Which makes this so interesting:
I was a gung-ho American soldier during the Vietnam War. I no longer support American efforts to promote democracy around the world. I won’t hesitate to squash a malicious enemy like a bug to defend the United States. But I don’t favor an interventionist foreign policy.
In the Persian Gulf War of 1991, American military personnel fought to free Kuwait. During the conflict, many Kuwaiti men of military age partied in Cairo and other safe cities. The cowards from Kuwait reminded me of Vietnamese cowards in Saigon during the 1960s and 1970s. People should fight their own battles.
Barack Obama’s arrogant decision to attack Libya angered me. In my view the President needs an attitude adjustment. He thinks he’s at the top of the pecking order. Actually, he’s at the bottom as a servant of the people.
Somewhere along the line, I lost faith in the federal government of the United States. I avoid American embassies when I travel outside the country. I stay away for a reason. Almost every major problem in my life had its genesis in a government decision.
The speeches of America’s provincial politicians often offend people in other lands. Chester (Chet) Bowles(1901-1986) was a Democratic diplomat and politician in the United States. He wrote, “The problems of foreign affairs are complex, involving politics, economic and social questions that require both understanding of history and various world cultures.” I agree with his observation. Without extensive knowledge about other societies, American leaders don’t have the proper foundation to construct solutions to international problems.
An Egyptian Air Force general once described me as a Western man with Eastern thinking. I won’t argue with his conclusion. I am full of contradictions. At a rifle range I sing peace songs when I shoot at targets.
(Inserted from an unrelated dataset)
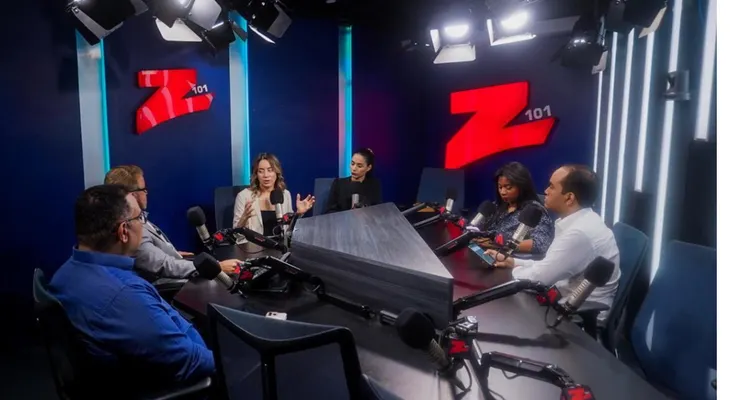 Gloria Reyes dice que miles de dominicanos pasan del asistencialismo al trabajo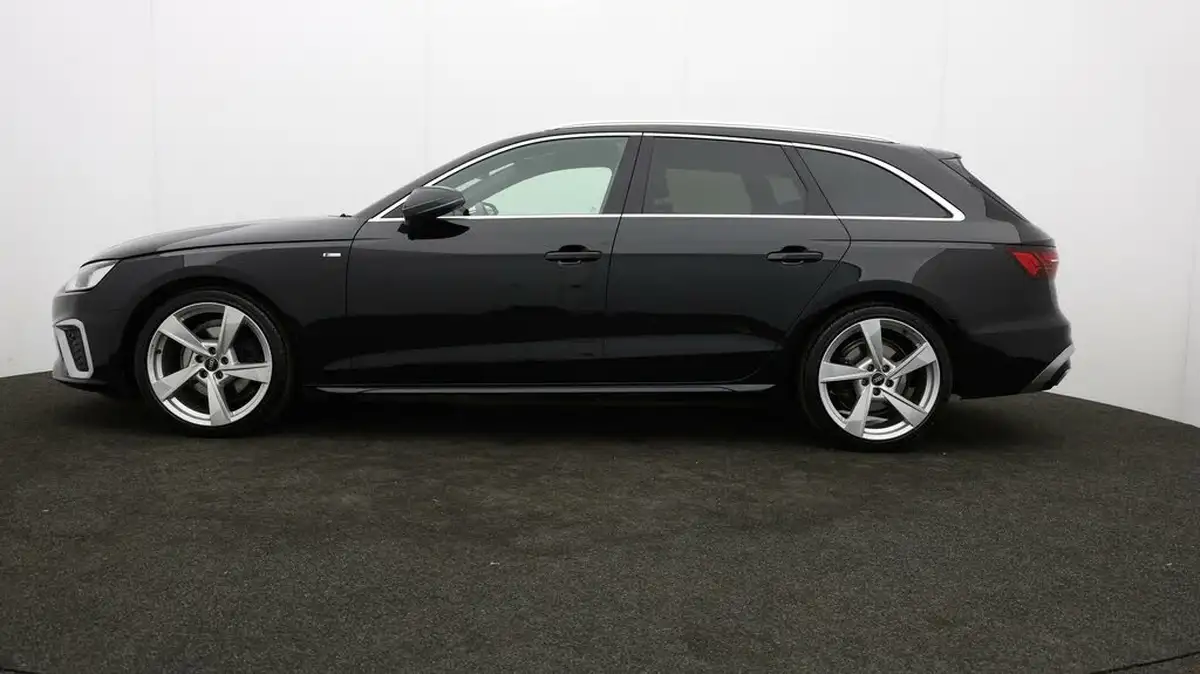 2021-audi-a4-avant-20-35-tdi-s-line-big-60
This morning I remembered a recommendation from an American comedian, Brother Dave Gardner (1926-1983). He said, “Love your enemies and drive them nuts.” That was a pretty good advice.
I agree a lot of this, though not all, but mostly I’m interested in the opinions of thoughtful people whose experience is so different from my own. Those loudmouthed commenters here during the Wisconsin debate were a waste of time. Considered opinions from people with experience of the world are not.
Where I disagree with Jungle Trader is in the complete renunciation of an interventionist foreign policy. But we may not disagree by very much: as long as we agree on squashing enemies like bugs (enemy bugs, not nice ones like lady bugs), that’s plenty interventionist for me.
I’m conflicted beyond that. I thought it was honorable to liberate Afghanistan the first time, and not just degrade Osama’s ability to wage world war while leaving the Taliban intact. I’m disappointed we’ve had to do it again. Partying Kuwaitis and resentful Iraqis sour me further on latter day crusades (substituting what passes for democracy for what passed for Christianity). I would even back the president on Libya if I thought he knew what he was doing. Sheer terror at being found clueless, I believe, not the Constitutional prerogative of the Executive, is at the foundation of his resistance to the dictates of the War Powers Resolution. He called for Mubarak to go, and we have the Muslim Brotherhood on deck to take power; he launched something less than hostilities against Libya that was supposed to take only days—so far, 107 of them; he has been nowhere on Syria, which is the one country that could probably get no worse with regime change (harboring Hamass and helping Hezbollah as they do).
That said, even though I supported the invasions of Afghanistan and Iraq, and even though they have had their moments of success, I’m not exactly eager to repeat the experiences.